La mort de ces animaux aurait pu être évitée si les responsables avaient planifié des opérations pour atténuer les effets de la sécheresse au niveau des réserves naturelles, explique l’analyste kényane
Alors que la communauté internationale prend de plus en plus conscience de l’importance du financement climatique dans les pays du sud, des fonds dédiés à l’atténuation et l’adaptation devront voir le jour et aider à prévenir les pertes et les dégâts, à la fois pour les animaux sauvages et pour leurs écosystèmes, a-t-elle souligné.
Dans la même lignée et afin de minimiser les dégâts et sauver les animaux qui luttent encore, le Wildlife Research Training Institute, a appelé les autorités à acheminer de l’eau ainsi que des compléments alimentaires dans les écosystèmes les plus touchés d’Amboseli qui figure parmi les zones les plus touchées par la mortalité de la faune.
Un vœu aussitôt exaucé par le gouvernement, qui a lancé une opération d’acheminement de foin et d’autres aliments pour animaux sauvages du Parc naturel d’Amboseli.
Le vice président kényan Rigathi Gachagua, qui supervisait le lancement de l’opération, a fait savoir que le gouvernement a alloué plus de 800.000 dollars à cette initiative.
Par ailleurs, les auteurs du rapport préconisent l’allocation de fonds supplémentaires pour soutenir le recensement national de la faune, prévu en 2024, afin d’établir l’impact réel de la sécheresse actuelle sur les effectifs d’animaux dans l’ensemble des réserves naturelles touchées.
Dans un pays où tourisme et faune vont de paire, la vie sauvage est un moteur essentiel du développement du tourisme, qui représente près de 9% du PIB, selon les chiffres de 2020.

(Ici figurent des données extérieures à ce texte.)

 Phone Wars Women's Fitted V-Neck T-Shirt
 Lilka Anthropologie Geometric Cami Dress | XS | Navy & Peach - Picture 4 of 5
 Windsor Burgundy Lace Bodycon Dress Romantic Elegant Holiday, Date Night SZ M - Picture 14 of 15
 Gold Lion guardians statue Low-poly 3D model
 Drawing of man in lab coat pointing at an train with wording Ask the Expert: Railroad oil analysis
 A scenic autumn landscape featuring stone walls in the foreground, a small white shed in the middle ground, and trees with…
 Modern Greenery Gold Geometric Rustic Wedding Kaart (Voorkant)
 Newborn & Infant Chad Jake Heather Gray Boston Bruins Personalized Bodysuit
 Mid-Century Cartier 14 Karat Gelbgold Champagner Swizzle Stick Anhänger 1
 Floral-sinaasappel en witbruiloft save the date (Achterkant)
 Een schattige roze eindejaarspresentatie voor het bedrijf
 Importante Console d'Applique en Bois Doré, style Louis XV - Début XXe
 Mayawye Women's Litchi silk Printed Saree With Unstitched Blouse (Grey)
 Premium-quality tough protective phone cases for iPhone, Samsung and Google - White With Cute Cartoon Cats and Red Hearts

Un parc naturel qui se vide de ses animaux est une attraction touristique en moins pour le Kenya, qui lutte tant bien que mal pour réaliser sa relance post-pandémie, mais qui fait face à d’autres crises toutes aussi dévastatrices, telles que le changement climatique et les effets de la crise russo-ukrainienne.
Pour les spécialistes, des politiques d’adaptation et d’atténuation s’imposent plus que jamais, afin de préserver la vie dans les parcs nationaux, véritables poumons du Kenya.